*** Begin section ***

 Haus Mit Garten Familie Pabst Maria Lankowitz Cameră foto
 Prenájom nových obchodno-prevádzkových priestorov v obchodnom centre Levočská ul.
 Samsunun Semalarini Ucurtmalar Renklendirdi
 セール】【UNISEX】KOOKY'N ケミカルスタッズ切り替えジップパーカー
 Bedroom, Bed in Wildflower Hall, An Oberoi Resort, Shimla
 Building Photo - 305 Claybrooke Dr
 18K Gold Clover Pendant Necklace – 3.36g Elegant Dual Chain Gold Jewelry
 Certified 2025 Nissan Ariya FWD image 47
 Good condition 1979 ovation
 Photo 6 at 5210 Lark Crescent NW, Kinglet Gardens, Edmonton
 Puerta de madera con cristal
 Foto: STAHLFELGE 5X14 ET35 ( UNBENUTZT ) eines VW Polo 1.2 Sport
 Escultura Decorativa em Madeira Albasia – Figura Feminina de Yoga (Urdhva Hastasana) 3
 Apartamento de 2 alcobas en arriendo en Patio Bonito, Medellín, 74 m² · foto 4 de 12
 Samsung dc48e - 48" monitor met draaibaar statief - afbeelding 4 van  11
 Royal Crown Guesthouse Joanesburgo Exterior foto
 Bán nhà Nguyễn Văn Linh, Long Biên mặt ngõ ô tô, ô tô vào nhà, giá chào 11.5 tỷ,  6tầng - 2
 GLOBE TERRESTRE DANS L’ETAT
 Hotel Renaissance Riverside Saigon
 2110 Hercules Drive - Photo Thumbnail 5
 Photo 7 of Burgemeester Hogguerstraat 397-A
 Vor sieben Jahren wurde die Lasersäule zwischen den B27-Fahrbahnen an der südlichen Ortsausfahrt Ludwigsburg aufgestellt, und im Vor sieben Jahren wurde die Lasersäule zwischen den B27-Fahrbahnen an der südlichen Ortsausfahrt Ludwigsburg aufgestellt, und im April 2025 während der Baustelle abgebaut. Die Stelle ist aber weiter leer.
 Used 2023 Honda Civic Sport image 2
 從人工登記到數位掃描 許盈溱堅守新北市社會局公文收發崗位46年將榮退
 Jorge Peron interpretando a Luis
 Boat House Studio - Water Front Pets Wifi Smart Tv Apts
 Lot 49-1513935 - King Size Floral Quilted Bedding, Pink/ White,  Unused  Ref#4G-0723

*** End section ***

• _TASK PROMPT_
Write out only the lines from the very start of the entries above to the line that includes "Puerta de madera con cristal", both ends included, each one unchanged.

• _TASK ANSWER_
 Haus Mit Garten Familie Pabst Maria Lankowitz Cameră foto
 Prenájom nových obchodno-prevádzkových priestorov v obchodnom centre Levočská ul.
 Samsunun Semalarini Ucurtmalar Renklendirdi
 セール】【UNISEX】KOOKY'N ケミカルスタッズ切り替えジップパーカー
 Bedroom, Bed in Wildflower Hall, An Oberoi Resort, Shimla
 Building Photo - 305 Claybrooke Dr
 18K Gold Clover Pendant Necklace – 3.36g Elegant Dual Chain Gold Jewelry
 Certified 2025 Nissan Ariya FWD image 47
 Good condition 1979 ovation
 Photo 6 at 5210 Lark Crescent NW, Kinglet Gardens, Edmonton
 Puerta de madera con cristal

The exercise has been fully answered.